→ **Exercise instructions**
The listing below is to be copied exactly, with pictures excluded.

→ **Data supplied**
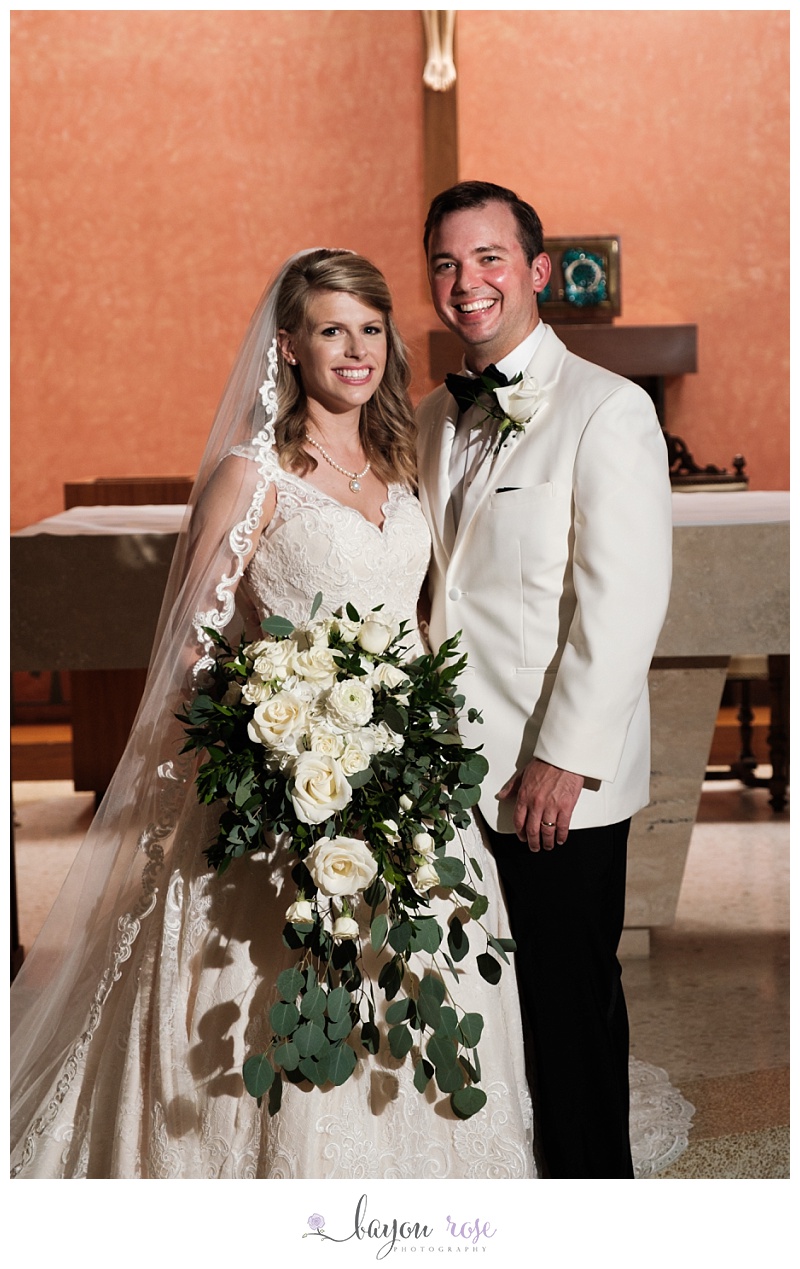 bride and groom portrait at St Joseph Cathedral in Baton Rouge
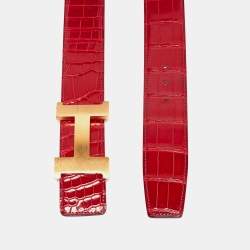 Hermes Braise Crocodile Porosus Brushed Constance Buckle Belt 90 CM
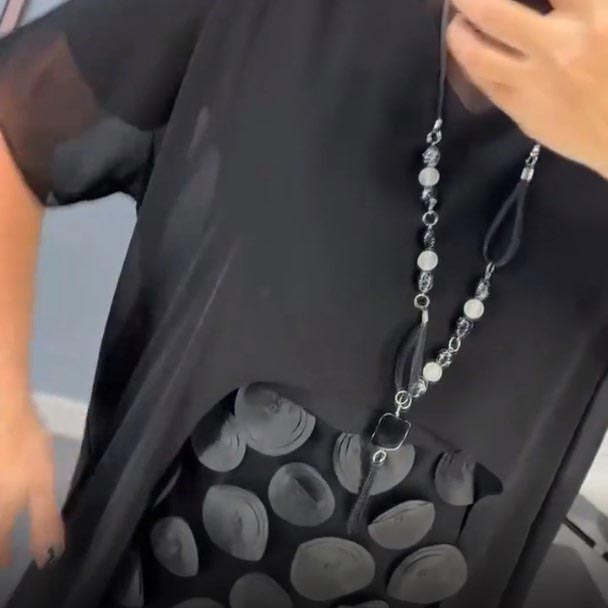 Rochie neagră elegantă cu gât în V pentru femei cu jachetă neregulată Set din două piese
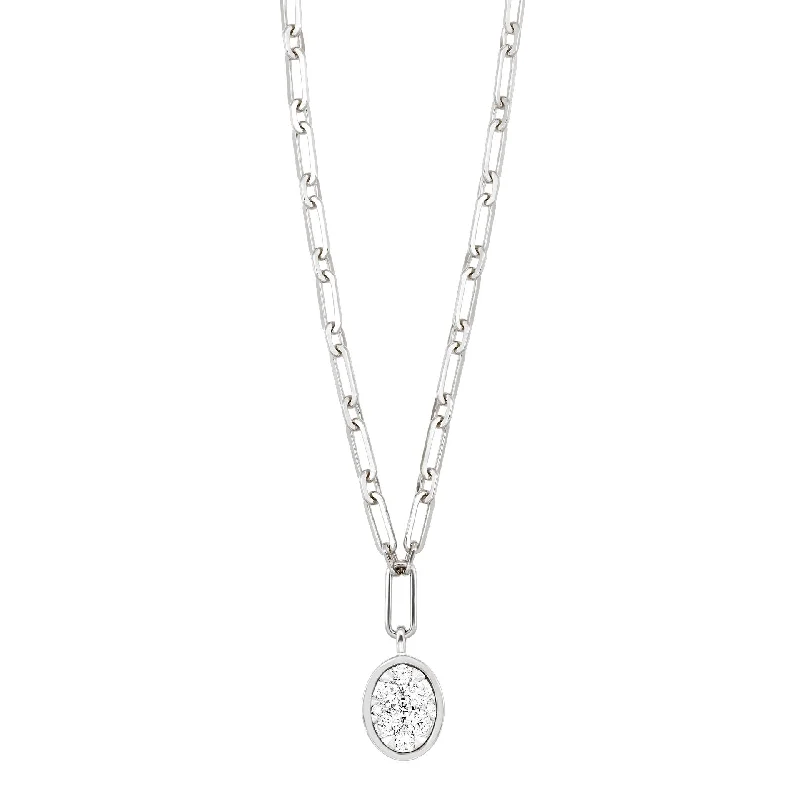 moissanite engagement ring affordable White Gold and Diamond Oval Cluster Pendant with Paperclip Chain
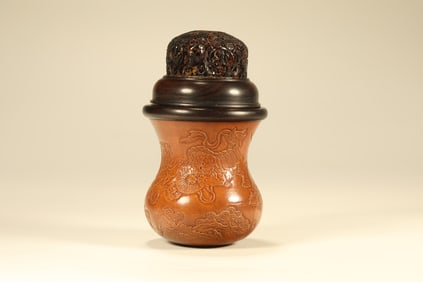 Bamboo Carved Lion Pattern Cricket Jar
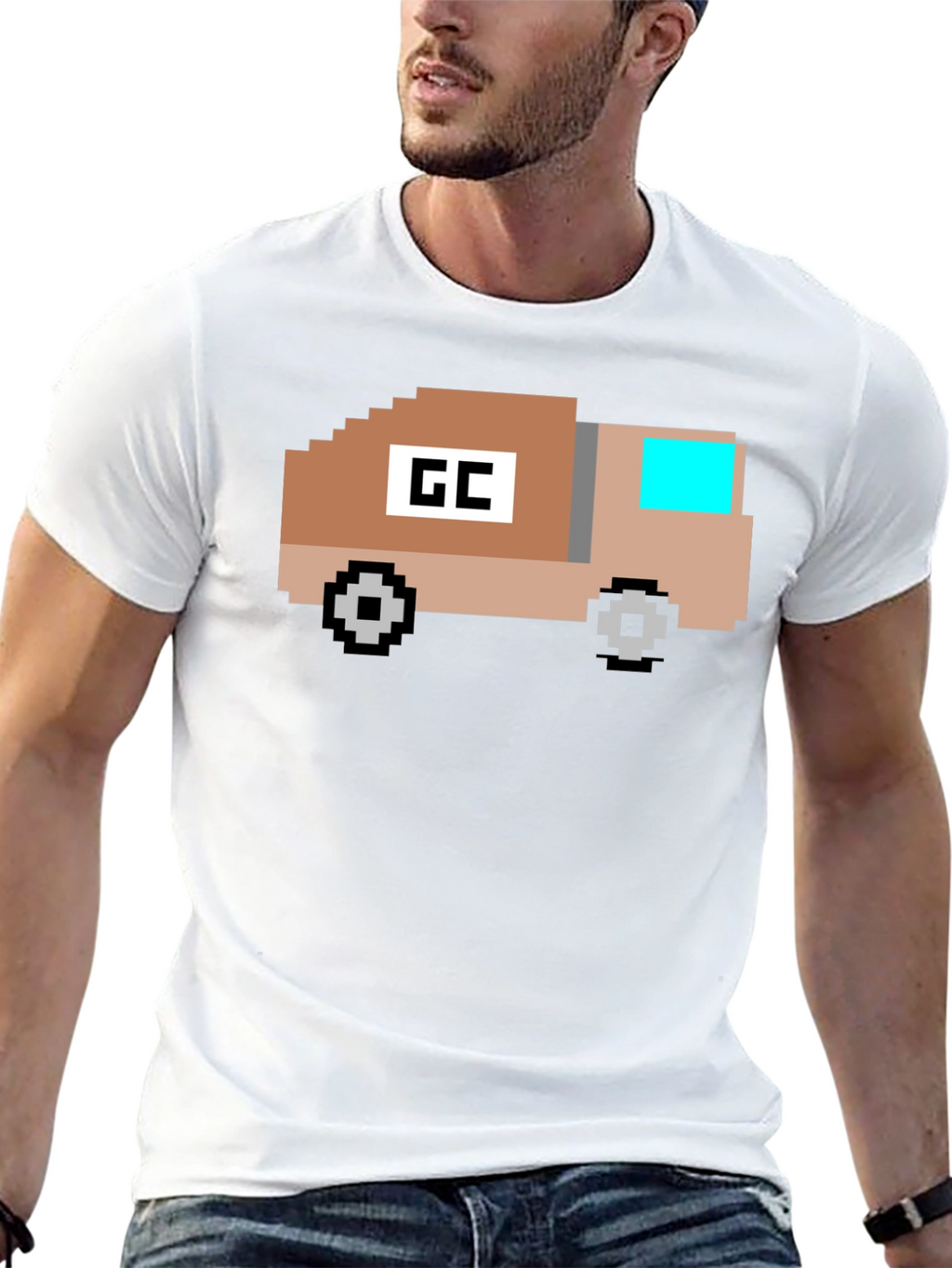 Retro Pixel Truck Graphic T-Shirt - Black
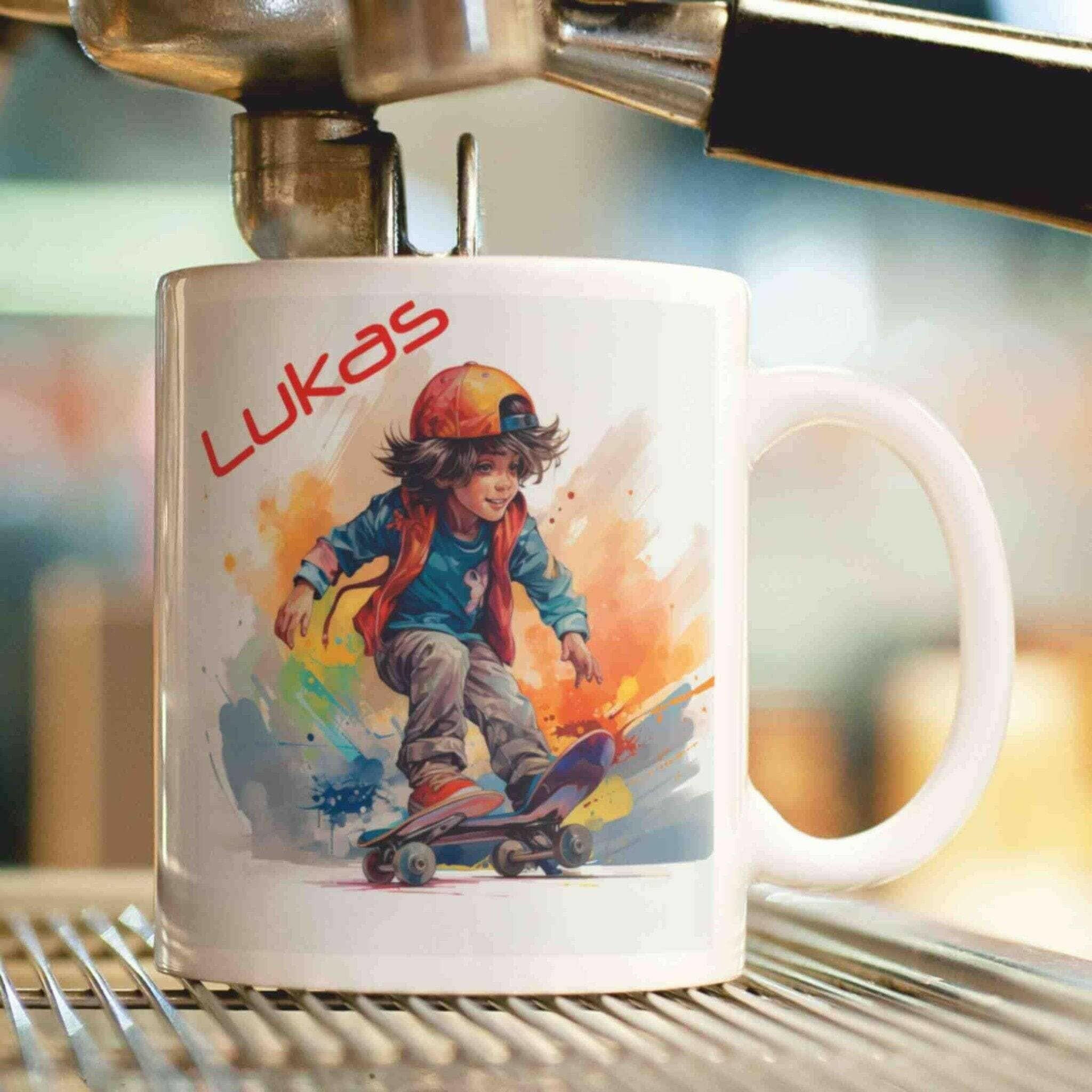 Personalisierte Tasse Skateboard.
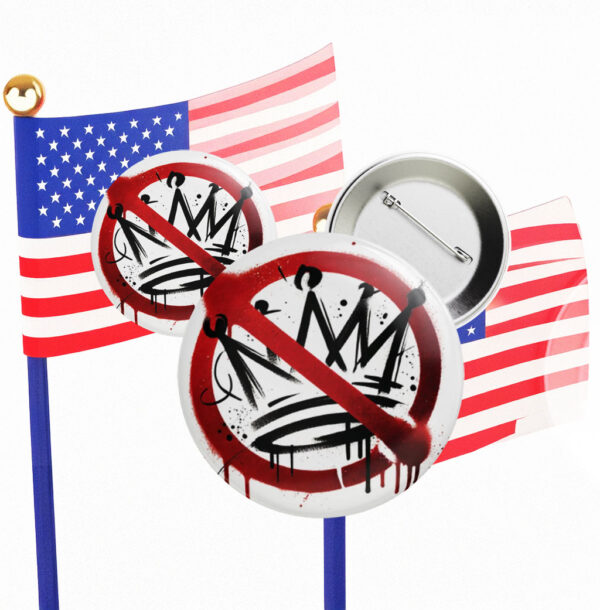 Anti-Authoritarian Pin with Graffiti Crown Symbol, No Kings Protest Button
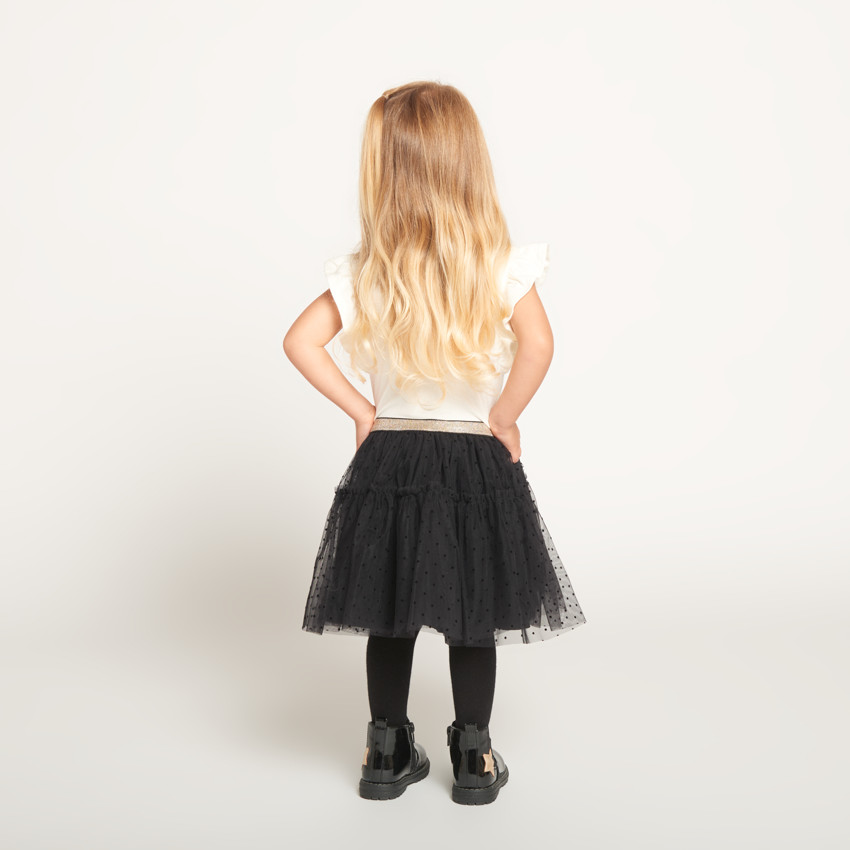 Robe manches courtes effet 2 en 1 bi-matière pour bébé fille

→ **Exercise answer**
 bride and groom portrait at St Joseph Cathedral in Baton Rouge
 Hermes Braise Crocodile Porosus Brushed Constance Buckle Belt 90 CM
 Rochie neagră elegantă cu gât în V pentru femei cu jachetă neregulată Set din două piese
 moissanite engagement ring affordable White Gold and Diamond Oval Cluster Pendant with Paperclip Chain
 Bamboo Carved Lion Pattern Cricket Jar
 Retro Pixel Truck Graphic T-Shirt - Black
 Personalisierte Tasse Skateboard.
 Anti-Authoritarian Pin with Graffiti Crown Symbol, No Kings Protest Button
 Robe manches courtes effet 2 en 1 bi-matière pour bébé fille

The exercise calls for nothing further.